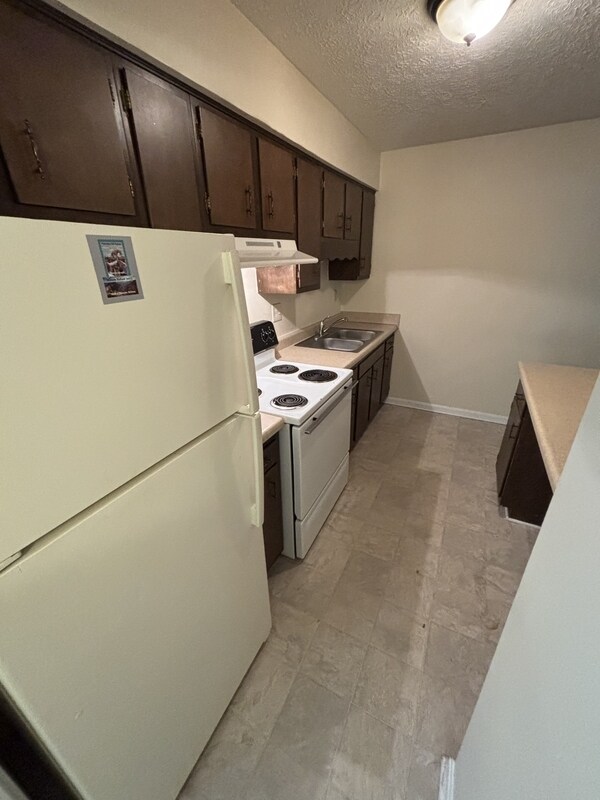 Foto del edificio - 2706 Chickasaw Ave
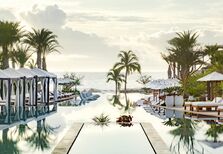 Trabalhadores remotos fogem para resorts à espera de vacinas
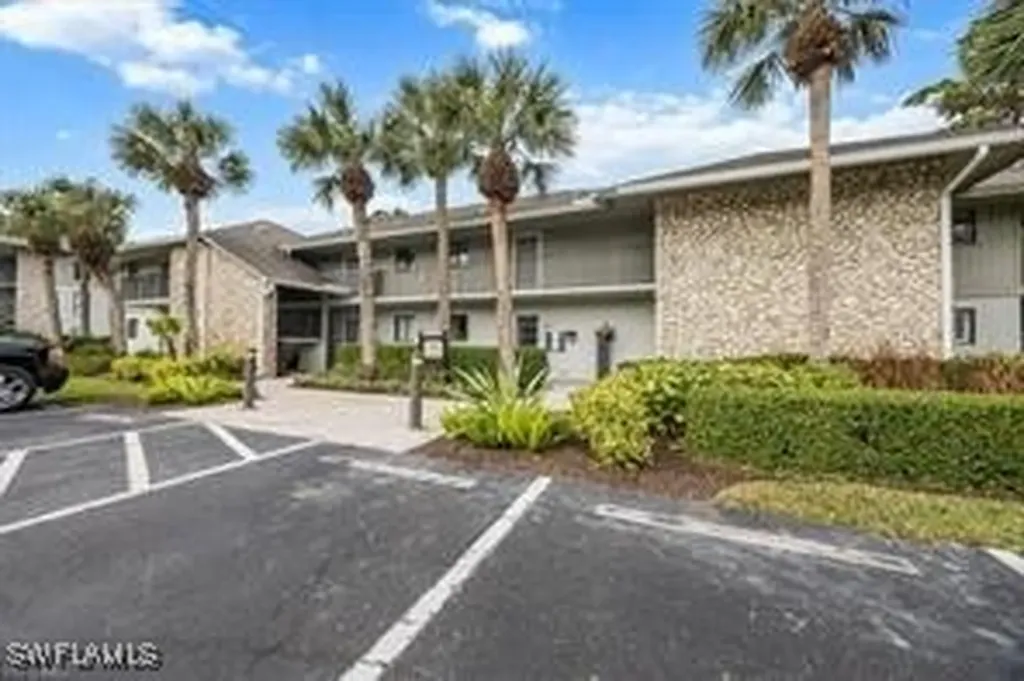 746 Eagle Creek Drive Naples FL 34113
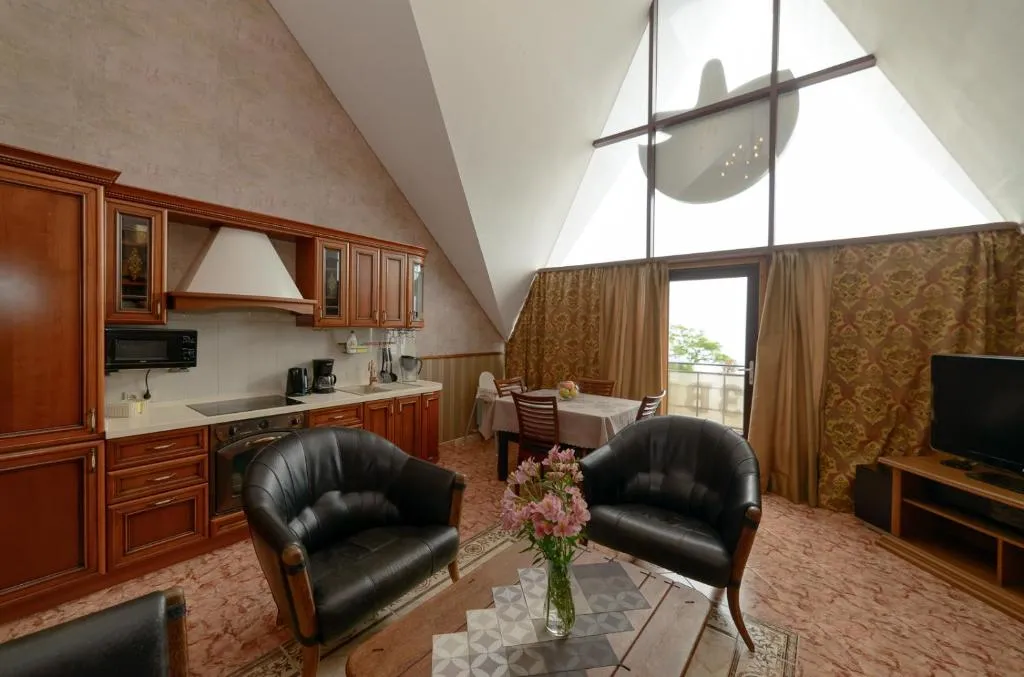 Penthouse South Star, Adler, Rusia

● PROBLEM TO WORK ON
Nothing but the pictures should be left out when the listing above is transcribed.

● RESULT OF THE EXERCISE
 Foto del edificio - 2706 Chickasaw Ave
 Trabalhadores remotos fogem para resorts à espera de vacinas
 746 Eagle Creek Drive Naples FL 34113
 Penthouse South Star, Adler, Rusia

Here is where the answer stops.